[Extracted information]:
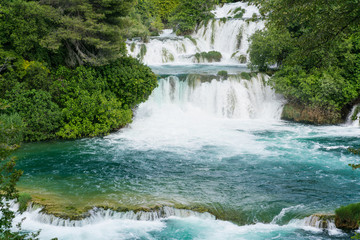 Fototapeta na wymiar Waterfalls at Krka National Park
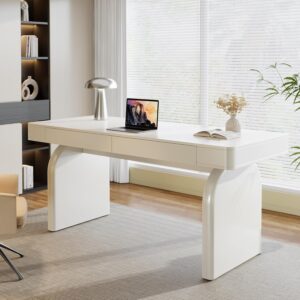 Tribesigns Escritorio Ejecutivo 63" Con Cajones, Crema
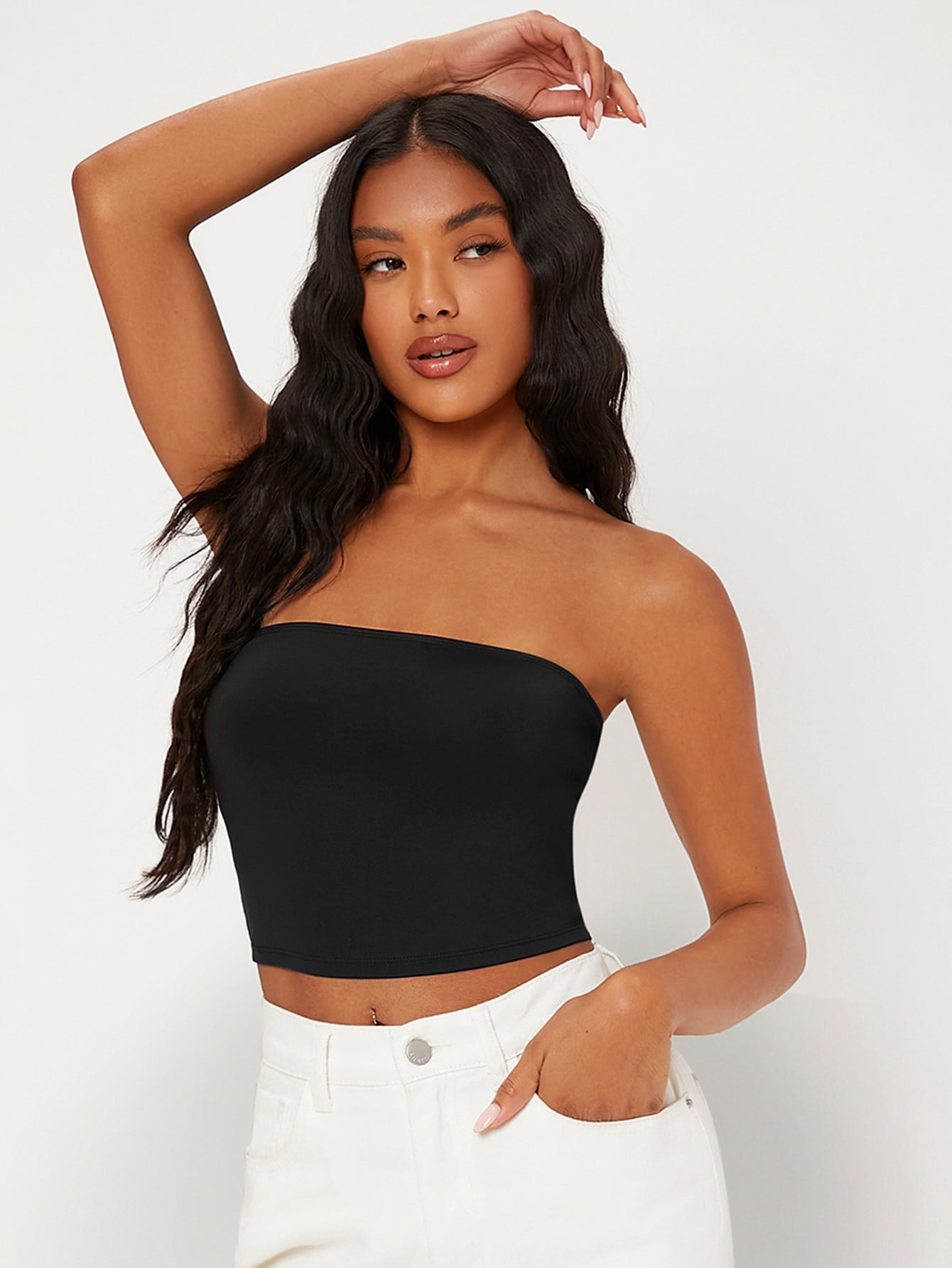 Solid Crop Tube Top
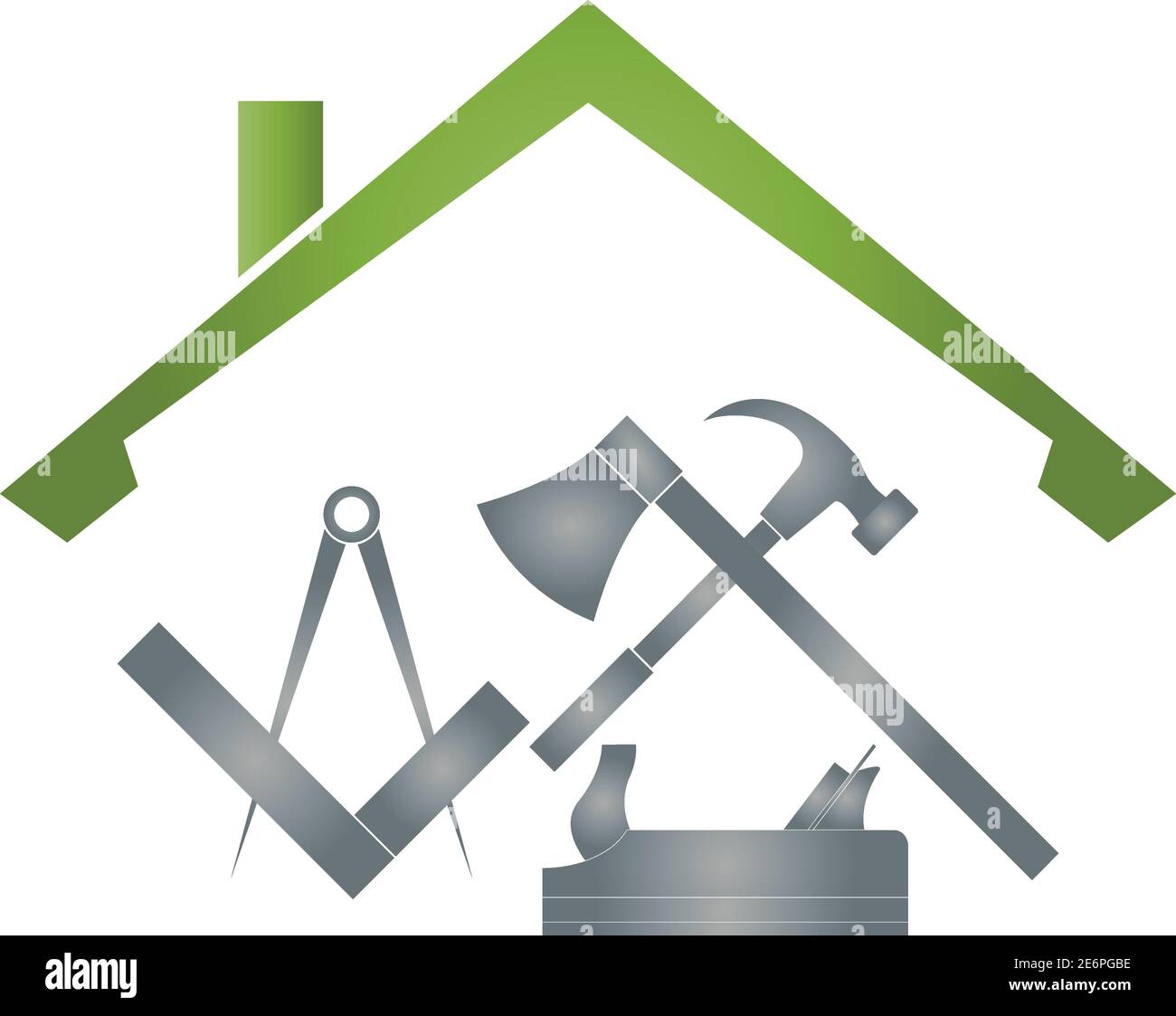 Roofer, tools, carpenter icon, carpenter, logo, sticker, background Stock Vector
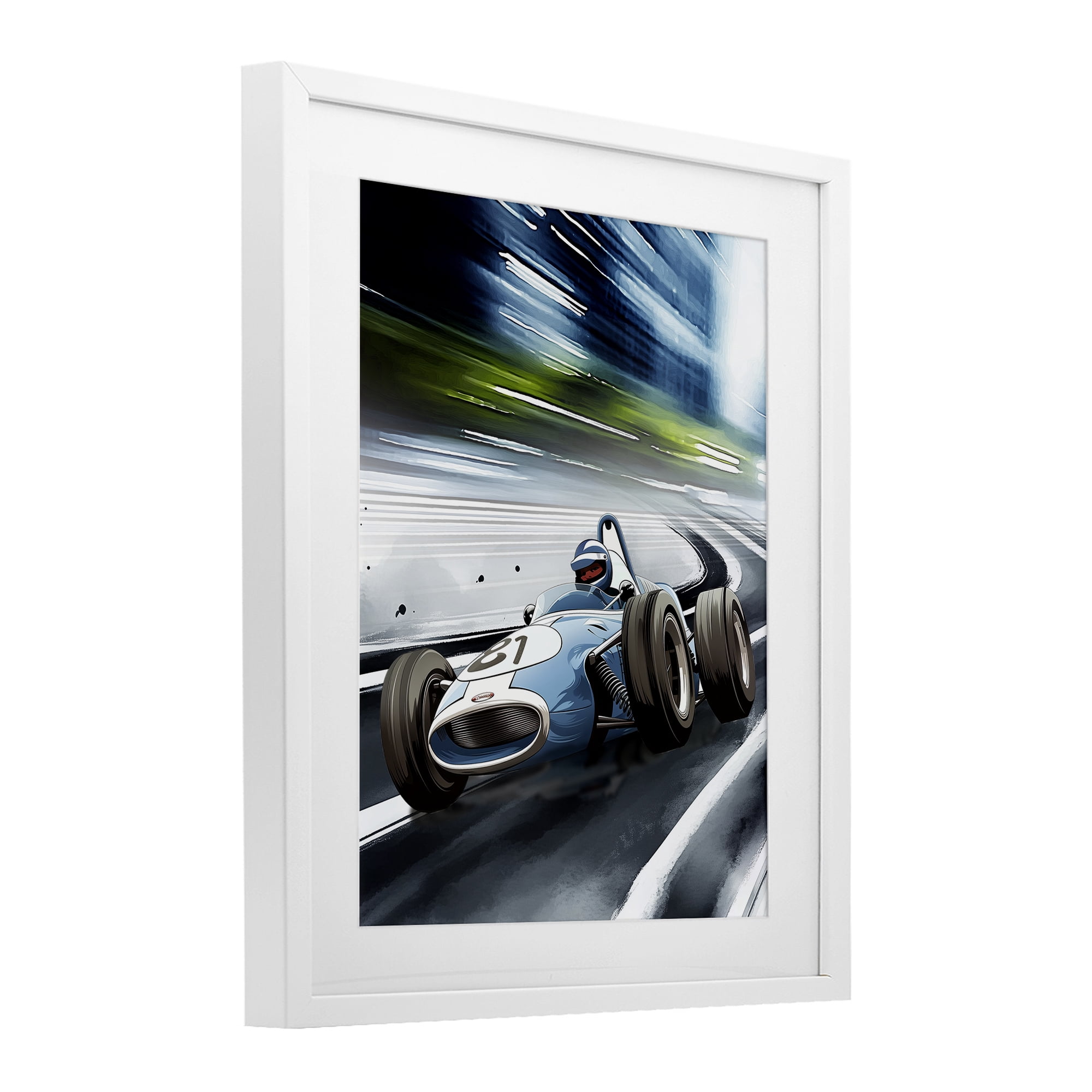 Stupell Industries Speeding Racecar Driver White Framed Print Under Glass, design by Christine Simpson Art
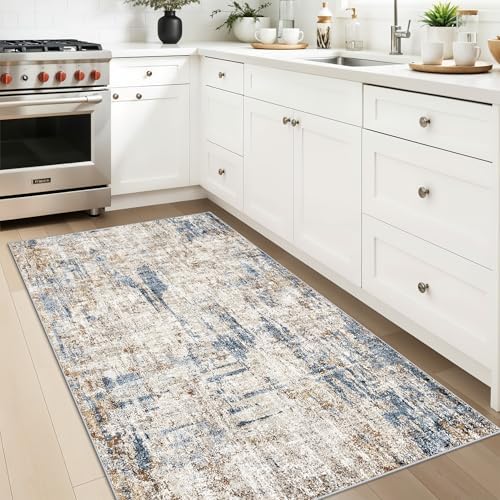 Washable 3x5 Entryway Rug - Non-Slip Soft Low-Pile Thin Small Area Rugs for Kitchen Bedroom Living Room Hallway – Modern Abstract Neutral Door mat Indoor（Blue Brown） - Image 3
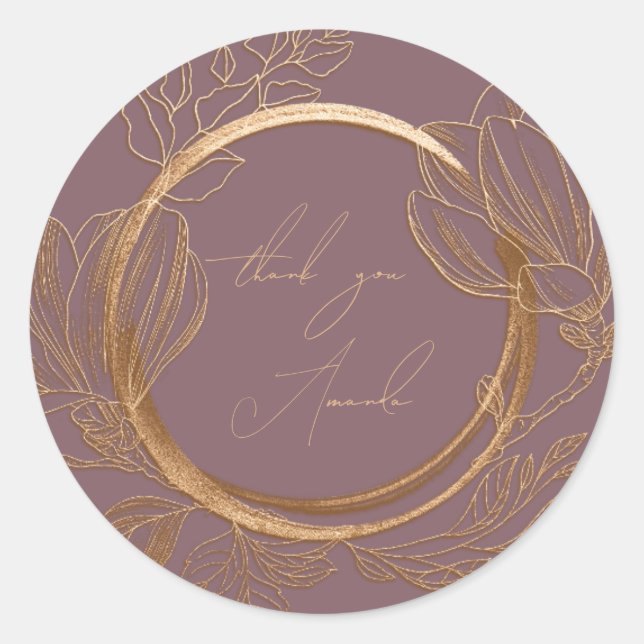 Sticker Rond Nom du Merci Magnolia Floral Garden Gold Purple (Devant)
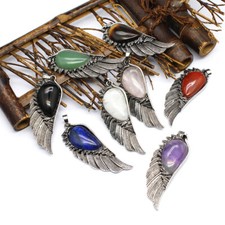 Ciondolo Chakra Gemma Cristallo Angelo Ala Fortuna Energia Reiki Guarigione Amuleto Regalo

[Work to be completed]:
Pictures must be left out. Repeat exactly the lines from the one containing "Tribesigns Escritorio Ejecutivo" through the final line of the data.

[Response for this exercise]:
 Tribesigns Escritorio Ejecutivo 63" Con Cajones, Crema
 Solid Crop Tube Top
 Roofer, tools, carpenter icon, carpenter, logo, sticker, background Stock Vector
 Stupell Industries Speeding Racecar Driver White Framed Print Under Glass, design by Christine Simpson Art
 Washable 3x5 Entryway Rug - Non-Slip Soft Low-Pile Thin Small Area Rugs for Kitchen Bedroom Living Room Hallway – Modern Abstract Neutral Door mat Indoor（Blue Brown） - Image 3
 Sticker Rond Nom du Merci Magnolia Floral Garden Gold Purple (Devant)
 Ciondolo Chakra Gemma Cristallo Angelo Ala Fortuna Energia Reiki Guarigione Amuleto Regalo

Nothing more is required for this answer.